UBS AG (NYSE:UBS) chief executive, Andrea Orcel, on Wednesday shared deep insight on the company’s stand following the interest-rate fixing scandal that shrouded the whole U.K banking sector in a controversy last year. Orcel, who was addressing a U.K parliamentary committee examining how banks were fixing the damage post-libor, said that UBS was in the process of rooting out negative elements in its cultural fabric. “So there are certainly elements of our culture that are negative and that we need to root out, and that we are in the process of rooting out,” he said.
Orcel, who also revealed that the rate scandal had cost the bank $1.5 billion, exclaimed that UBS AG (NYSE:UBS) had lost sight of its historical principles and cultures during its viral growth in the 2000’s. “UBS like other organizations did not have one uniform culture because it went through the last decade expanding, hiring from multiple organizations, buying, etc., etc”. Orcel also argued that this loss of culture set the platform to stage what would later become the interest-rate fixing scandal. Orcel also said that the problem was partly caused by UBS’s lack of familiarity with some of the businesses it was running, making it hard to maintain a desirable fashion of integrity in such segments.

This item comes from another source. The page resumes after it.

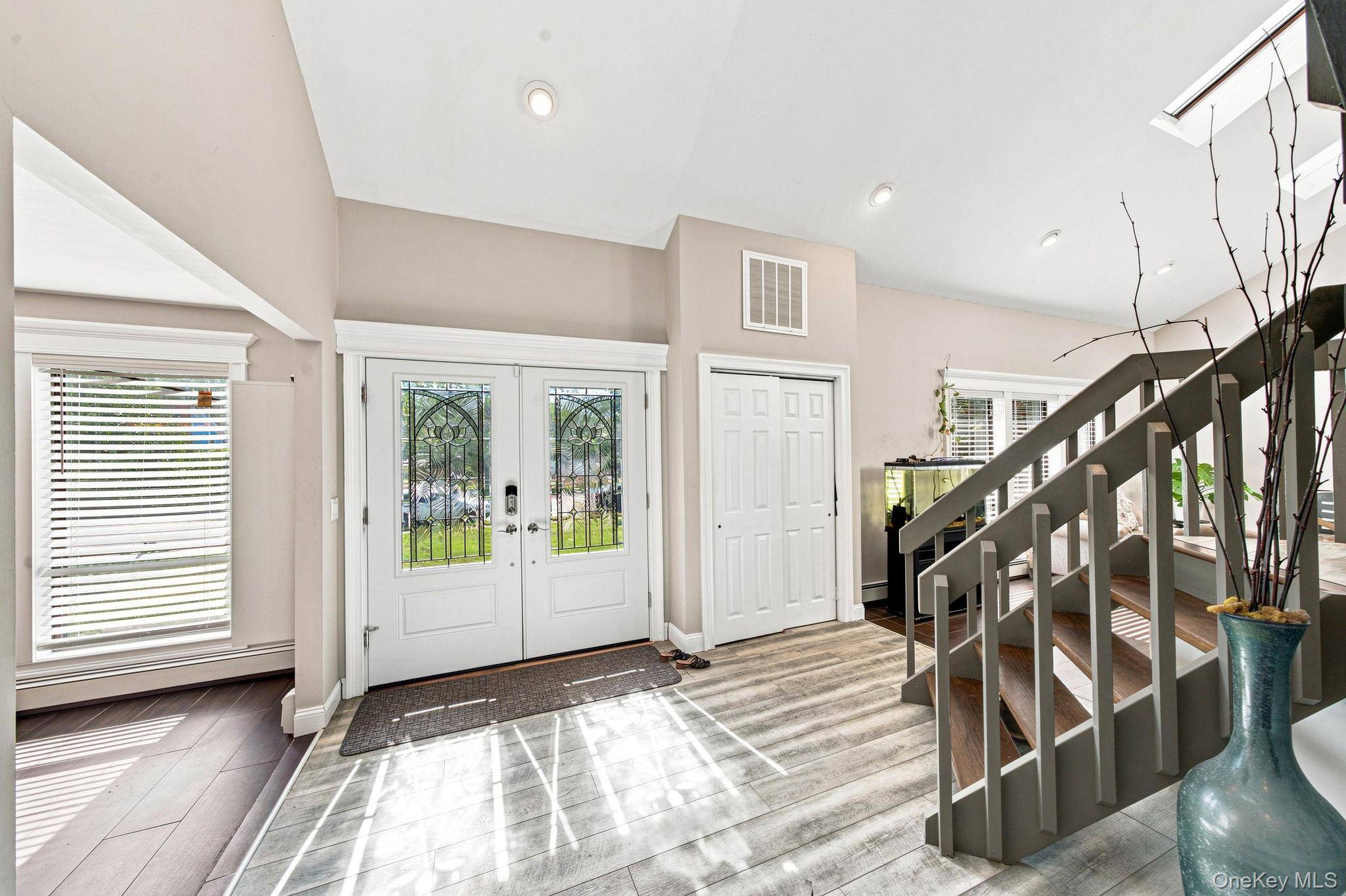 53 Miller Place RD, Miller Place, NY 11764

As we reported in December, UBS AG (NYSE:UBS) had agreed to the Libor accusations and, as mentioned earlier, signed off to paying $1.5 billion as penalty. What’s interesting however is that UBS had similar scandals in its slate; for instance, the Tokyo Interbank Offered Rate (Tibor) and the Europe Interbank Offered Rate (Euribor). However, these other scandals were overshadowed by the bigger Libor scandal.
‘Rooting out’ has already begun
In a demonstration of what Orcel described as ‘rooting out the negative elements’, Andrew Williams, the global head of compliance at UBS, told the hearing that 18 of the 40 people who were candidly involved in the attempted interest-rate manipulation at the bank had been dismissed. Mr Orcel, accented William’s remarks by adding that the remaining staff connected to the scandal have been penalized or reprimanded.
Former executives at UBS AG (NYSE:UBS), including Marcel Rohner, its CEO between 2007 and 2009, will present evidence to the same panel on Thursday. The parliamentary committee was effected last year after the whole libor issue blew up, pulling in Barclays PLC (LON:BARC) (NYSE:BCS) as the first big bank to get involved.